A kitchen-creative day: In love with lasagna

I love when the burst of creativity that goes into a new recipe is rewarded with success. Homemade, tasty and healthy is always a winning combination. Frozen dinners, although quick, never taste quite normal. What exactly goes into them? There is always a hidden ingredient or two, and the overall meal is bland, greasy and hardly healthy.

Homemade lasagna:

8 oz of dry lasagna noodle sheets
1 jar of tomato and basil pasta sauce
Olive oil
6-8 oz shredded mozzarella cheese
Dill weed

  1. Break each sheet of noodles in half, and drop the stack in boiling water. Cook only until 2/3 done. Drain noodles, and rinse with cold water.
  2. Pre-heat oven to 350 degrees F.
  3. In a 1.5 quart glass loaf dish, fill the bottom with 1/2 inch of pasta sauce. Drizzle olive oil on top, and shake on several spices.

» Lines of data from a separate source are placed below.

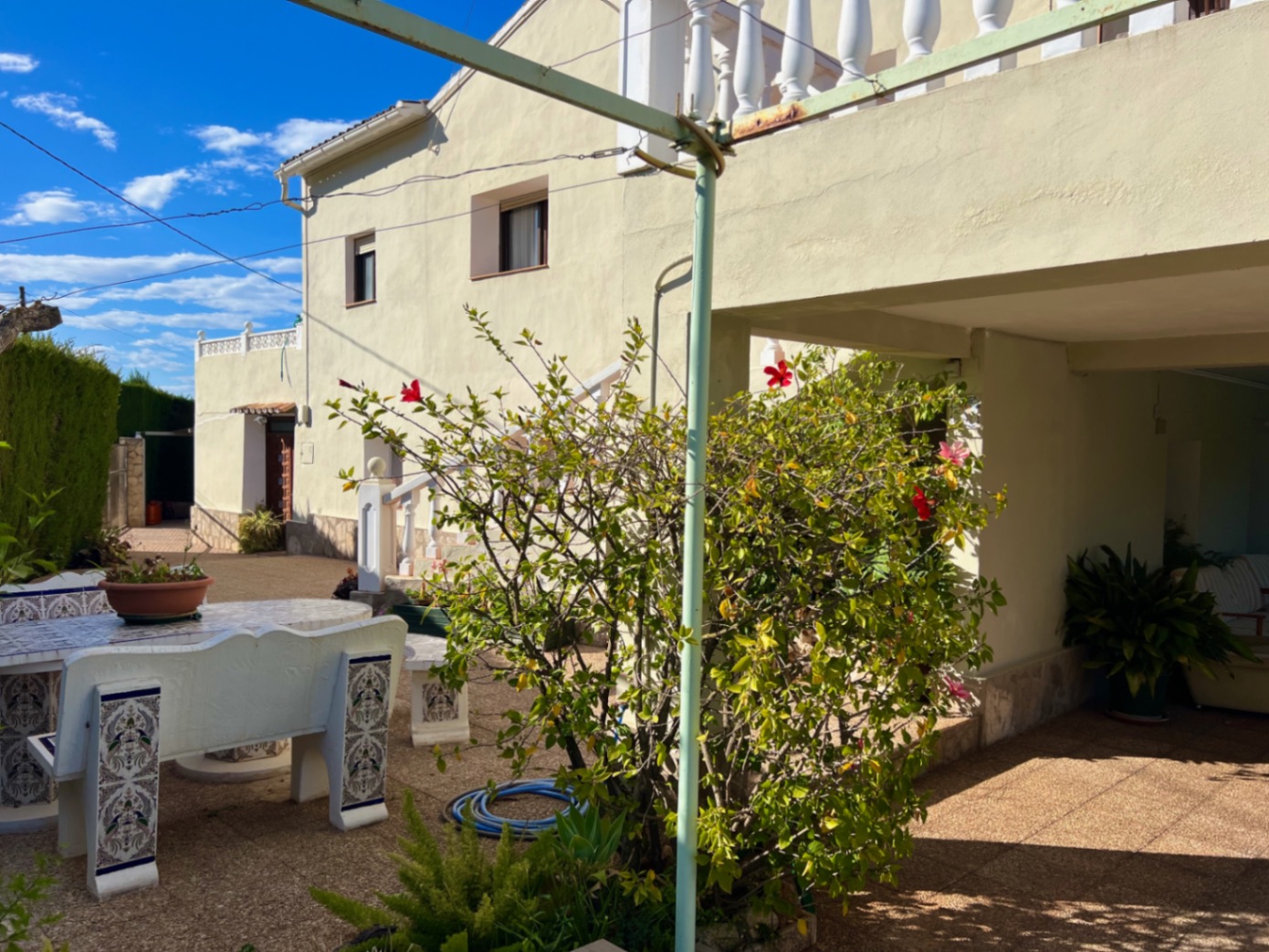 Villa con 9 habitaciones y piscina y jardín privados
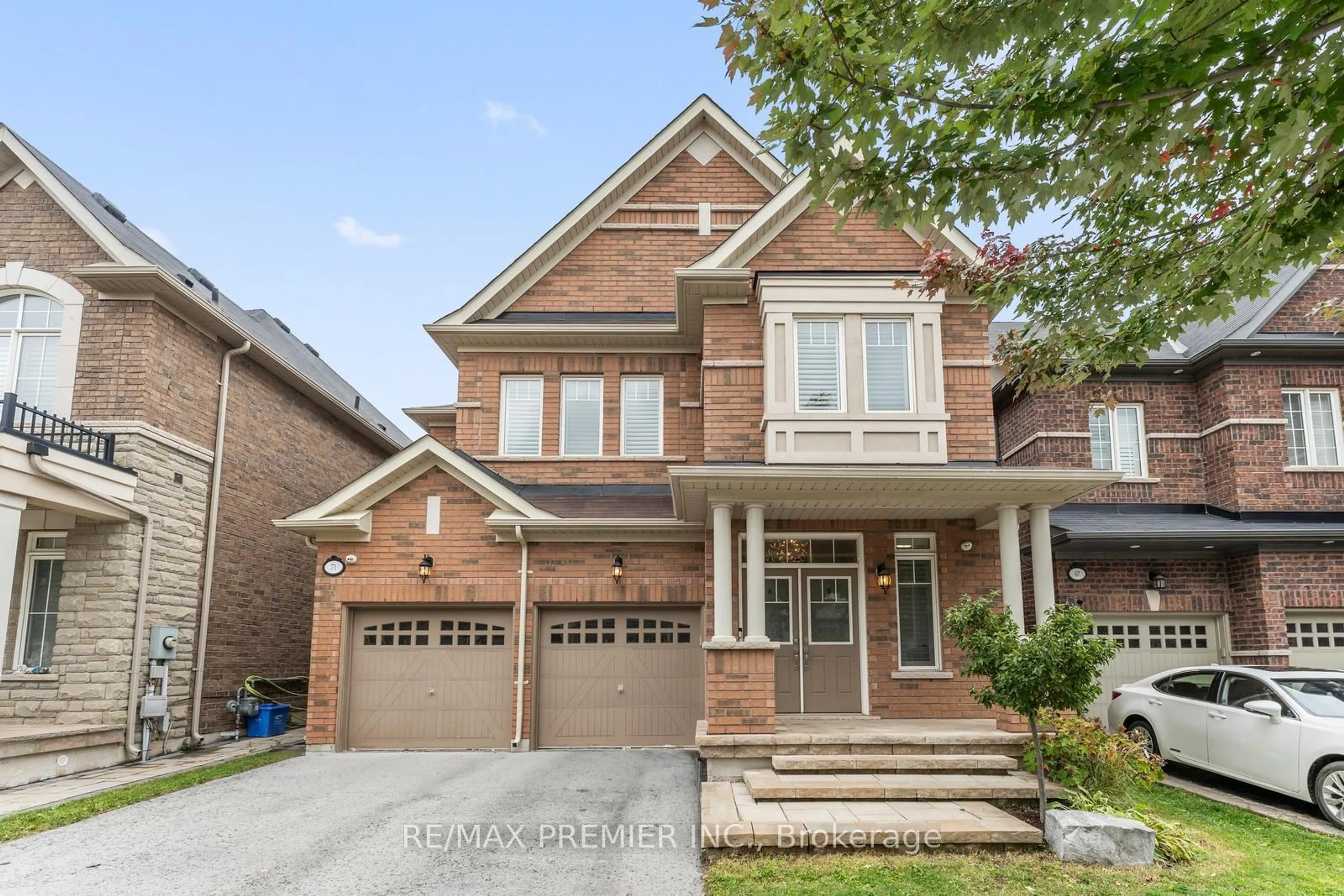Home with brick exterior material, street for 71 Hoey Cres, Oakville Ontario L6M 0W4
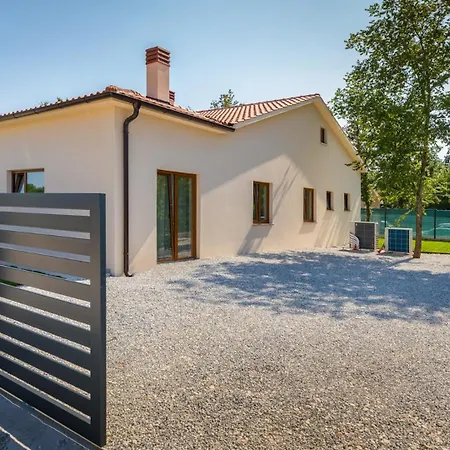 Marija Villa Sivati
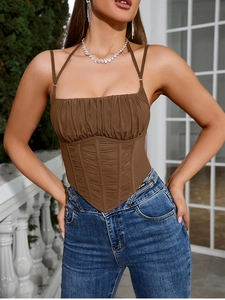 Detail eines braunen Mesh-Korsett-Tops mit Faltendesign und kurzem Dreiecksaum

Top with a medium layer of shredded cheese.
  4. Place the lasagna sheets on top, using 4 staggered sheets per layer. 
  5. Spread on another layer of sauce, olive oil, spices and cheese.
  6. Place the next layer of lasagna sheets on top.
  7. Repeat this pattern until you run out of sheets.
  8. On the very top, place a thin layer of wet ingredients, and top with a thin layer of cheese.
  9. Place on middle rack, and cook for 35-40 minutes.
  10. Let stand 5-10 minutes. 
Cook up a healthy meal, and fuel your body for triumph.